PARIS: Et soudain, une porte coulisse, laissant entrevoir la silhouette de la légende de l'équipe de France. Tout juste nommé sélectionneur des Bleus, 20 ans après la fin de sa carrière de joueur, Zinédine Zidane s'arrête devant la centaine de supporters, patientant pour une photo ou un autographe de l'homme du jour.

"J'ai rencontré Zidane, le maillot est signé", se réjouit Romain, 29 ans, portant à la fois la tunique des Bleus sur le dos, et tenant dans la main celle de la Coupe du monde 2006, qui avait marqué la fin de l'ère "ZZ" en équipe de France.

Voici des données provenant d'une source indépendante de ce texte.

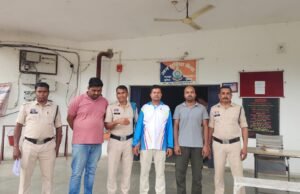 बलरामपुर में खाद वितरण में बड़ा फर्जीवाड़ा, तीन आरोपी गिरफ्तार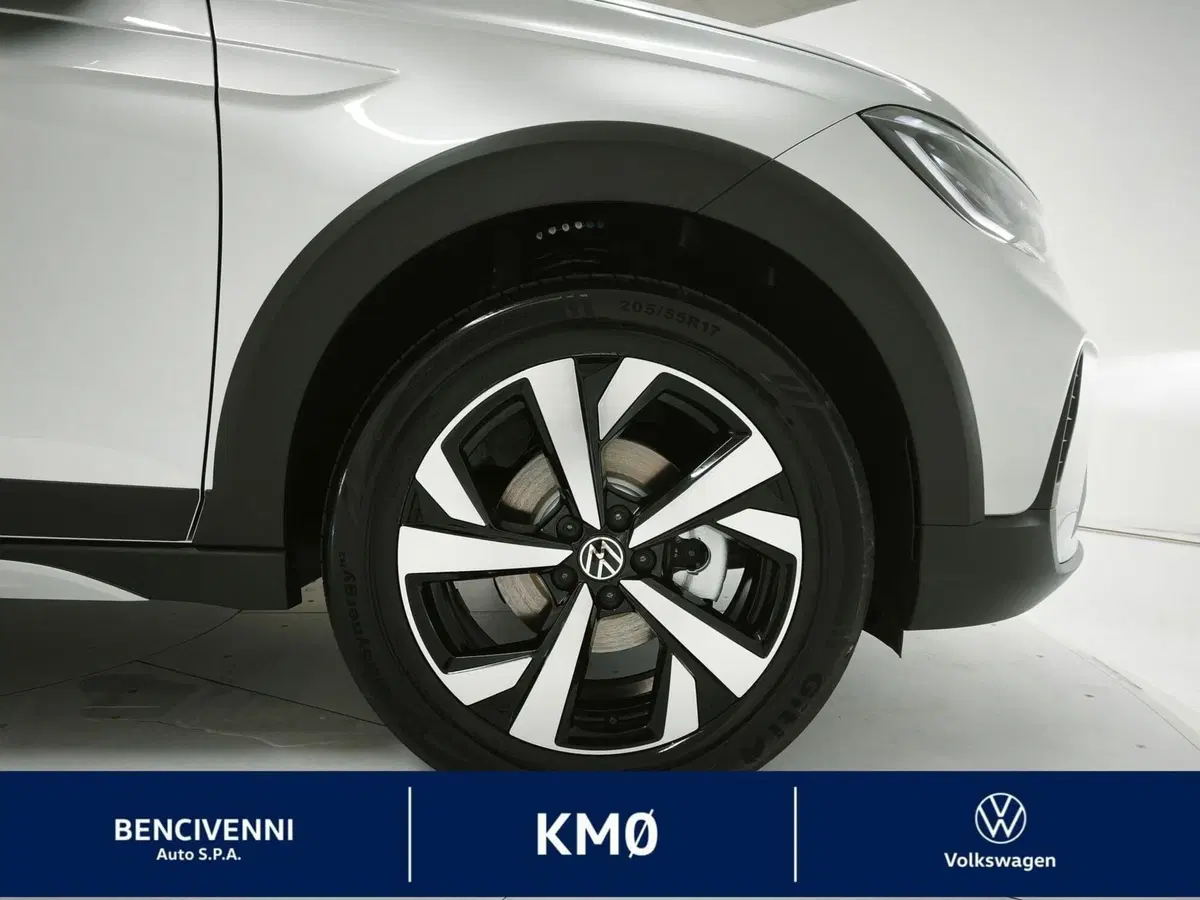 Volkswagen Taigo nuova a Catanzaro (7)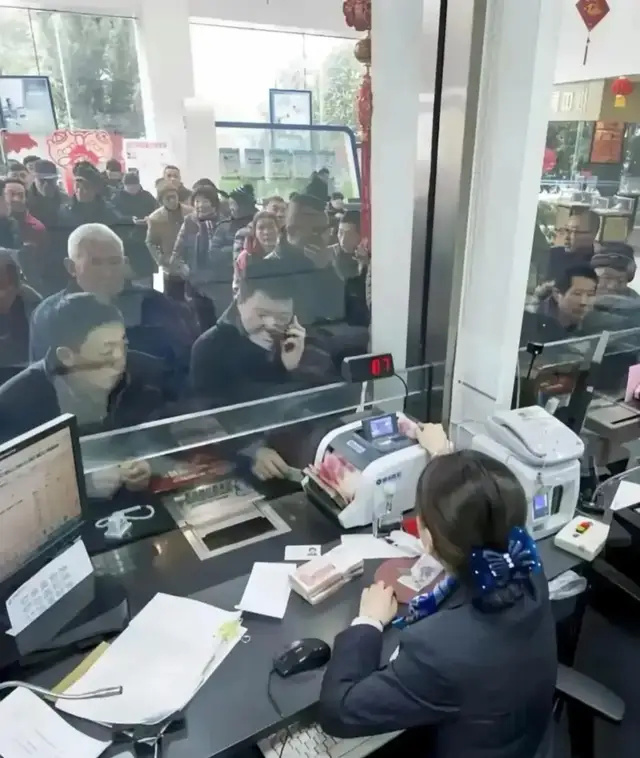 银行人守着332万亿存款,几乎愁白了头 银行人守着332万亿存款,几乎愁白了头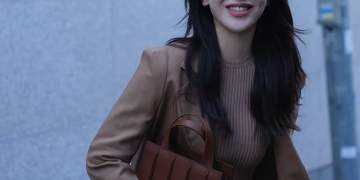 배우 신혜선이 맥스마라 화보 촬영장에서 클래식한 코트를 입고 포즈를 취하고 있다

De ce Mondial, Milya, 10 ans, en a visionné récemment "le coup de boule", image aussi triste que célèbre de l'ancien meneur de jeu, exclu lors de la finale perdue contre l'Italie pour son geste sur Marco Materazzi.

Bien sur, la petite fille n'a pas connu Zinédine Zidane joueur mais "Papa est un grand fan". A tel point qu'à la maison, le poisson rouge s'appelle "Zizou" et le chat "OM".

"On venait pour un week-end de deux jours et on s'est dit qu'on allait être là, raconte à l'AFP sa mère Cindy, 35 ans et coordinatrice d'un habitat inclusif, on est tous fans de foot dans la famille, mais aussi de l'OM, donc Zidane, ça a du sens", reprend-elle, installée près des barrières posées en face du siège de la Fédération française de football, dans le 15e arrondissement de Paris.

"Une histoire du foot" 

Chez Xavier aussi, on a "appelé le chat Zizou", de quoi perturber son fils Hugo, 7 ans, qui apprendra à connaître davantage le champion du monde 98 comme celui qui accompagnera Kylian Mbappé, Ousmane Dembélé ou encore Bradley Barcola.

Une génération qu'il aura la tâche de faire encore grandir après un mandat de 14 ans de Didier Deschamps, et une Coupe du monde remportée en 2018.

"Comme Didier Deschamps, (Zidane) est un gagnant, poursuit le comptable de 34 ans, on espère qu'il mettra un peu plus de jeu, mais déjà à la dernière coupe du monde il y en avait et j'espère juste le voir gagner".

"Quand on voit comment se structure l'Espagne (sacrée au Mondial-2026, ndlr), le challenge sera là, complète Fabrice, cadre de 54 ans, il faudra voir comment structurer une équipe avec un fort potentiel".

Ce dernier a vécu en 1998, depuis le Stade de France, la finale qui avait sacré les Français pour la première fois, avec un doublé du natif de Marseille. Un souvenir qui a évidemment marqué d'autres supporters réunis à Paris.

Les drapeaux s'agitent, et les membres de l'association des "Irrésistibles français" lancent une Marseillaise ou encore des chants pour patienter. Autour d'eux, certains passants s'arrêtent par curiosité, quand une compagnie de CRS, venue de Marseille, veille au bon déroulement de l'attente, qui a pris fin ce mardi.

"C'est une histoire du football français que l'on voit aujourd'hui, reprend Romain, employé dans la communication, Zidane c'est la France mais aussi au delà. J'ai grandi avec lui, les premiers matches que j'ai suivis étaient avec lui".

Les prochains le seront avec Zinédine Zidane le sélectionneur.